(Short web captions)
--*--
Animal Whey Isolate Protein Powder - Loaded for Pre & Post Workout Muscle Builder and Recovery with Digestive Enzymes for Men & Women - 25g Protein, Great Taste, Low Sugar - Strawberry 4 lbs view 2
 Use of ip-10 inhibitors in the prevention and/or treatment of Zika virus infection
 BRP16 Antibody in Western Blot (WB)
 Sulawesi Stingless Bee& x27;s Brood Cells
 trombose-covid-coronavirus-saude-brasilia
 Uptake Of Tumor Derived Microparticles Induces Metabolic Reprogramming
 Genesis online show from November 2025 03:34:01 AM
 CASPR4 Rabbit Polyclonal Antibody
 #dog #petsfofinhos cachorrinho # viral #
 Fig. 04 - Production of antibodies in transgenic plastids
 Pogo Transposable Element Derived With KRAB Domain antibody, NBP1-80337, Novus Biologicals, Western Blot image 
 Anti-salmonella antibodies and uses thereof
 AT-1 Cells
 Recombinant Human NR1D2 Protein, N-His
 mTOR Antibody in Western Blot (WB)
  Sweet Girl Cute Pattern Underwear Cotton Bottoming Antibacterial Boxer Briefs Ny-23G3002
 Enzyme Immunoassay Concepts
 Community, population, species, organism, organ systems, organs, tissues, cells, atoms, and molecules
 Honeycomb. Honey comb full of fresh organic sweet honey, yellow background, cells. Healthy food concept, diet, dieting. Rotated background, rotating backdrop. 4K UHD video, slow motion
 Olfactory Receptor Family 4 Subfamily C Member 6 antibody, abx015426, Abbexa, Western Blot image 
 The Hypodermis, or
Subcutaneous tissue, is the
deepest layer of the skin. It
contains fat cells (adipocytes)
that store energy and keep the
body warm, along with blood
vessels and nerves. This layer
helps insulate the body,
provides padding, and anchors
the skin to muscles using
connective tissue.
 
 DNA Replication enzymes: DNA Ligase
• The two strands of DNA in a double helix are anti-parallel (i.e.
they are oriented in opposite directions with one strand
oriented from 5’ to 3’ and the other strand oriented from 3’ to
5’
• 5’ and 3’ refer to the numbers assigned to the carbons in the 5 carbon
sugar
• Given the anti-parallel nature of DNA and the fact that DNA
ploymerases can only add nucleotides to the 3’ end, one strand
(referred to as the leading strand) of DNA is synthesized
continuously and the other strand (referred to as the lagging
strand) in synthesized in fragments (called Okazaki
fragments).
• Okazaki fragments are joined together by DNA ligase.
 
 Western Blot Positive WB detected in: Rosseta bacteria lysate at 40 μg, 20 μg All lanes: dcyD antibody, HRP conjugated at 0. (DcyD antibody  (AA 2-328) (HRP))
--*--
Output the records above exactly as written.

Animal Whey Isolate Protein Powder - Loaded for Pre & Post Workout Muscle Builder and Recovery with Digestive Enzymes for Men & Women - 25g Protein, Great Taste, Low Sugar - Strawberry 4 lbs view 2
 Use of ip-10 inhibitors in the prevention and/or treatment of Zika virus infection
 BRP16 Antibody in Western Blot (WB)
 Sulawesi Stingless Bee& x27;s Brood Cells
 trombose-covid-coronavirus-saude-brasilia
 Uptake Of Tumor Derived Microparticles Induces Metabolic Reprogramming
 Genesis online show from November 2025 03:34:01 AM
 CASPR4 Rabbit Polyclonal Antibody
 #dog #petsfofinhos cachorrinho # viral #
 Fig. 04 - Production of antibodies in transgenic plastids
 Pogo Transposable Element Derived With KRAB Domain antibody, NBP1-80337, Novus Biologicals, Western Blot image 
 Anti-salmonella antibodies and uses thereof
 AT-1 Cells
 Recombinant Human NR1D2 Protein, N-His
 mTOR Antibody in Western Blot (WB)
  Sweet Girl Cute Pattern Underwear Cotton Bottoming Antibacterial Boxer Briefs Ny-23G3002
 Enzyme Immunoassay Concepts
 Community, population, species, organism, organ systems, organs, tissues, cells, atoms, and molecules
 Honeycomb. Honey comb full of fresh organic sweet honey, yellow background, cells. Healthy food concept, diet, dieting. Rotated background, rotating backdrop. 4K UHD video, slow motion
 Olfactory Receptor Family 4 Subfamily C Member 6 antibody, abx015426, Abbexa, Western Blot image 
 The Hypodermis, or
Subcutaneous tissue, is the
deepest layer of the skin. It
contains fat cells (adipocytes)
that store energy and keep the
body warm, along with blood
vessels and nerves. This layer
helps insulate the body,
provides padding, and anchors
the skin to muscles using
connective tissue.
 
 DNA Replication enzymes: DNA Ligase
• The two strands of DNA in a double helix are anti-parallel (i.e.
they are oriented in opposite directions with one strand
oriented from 5’ to 3’ and the other strand oriented from 3’ to
5’
• 5’ and 3’ refer to the numbers assigned to the carbons in the 5 carbon
sugar
• Given the anti-parallel nature of DNA and the fact that DNA
ploymerases can only add nucleotides to the 3’ end, one strand
(referred to as the leading strand) of DNA is synthesized
continuously and the other strand (referred to as the lagging
strand) in synthesized in fragments (called Okazaki
fragments).
• Okazaki fragments are joined together by DNA ligase.
 
 Western Blot Positive WB detected in: Rosseta bacteria lysate at 40 μg, 20 μg All lanes: dcyD antibody, HRP conjugated at 0. (DcyD antibody  (AA 2-328) (HRP))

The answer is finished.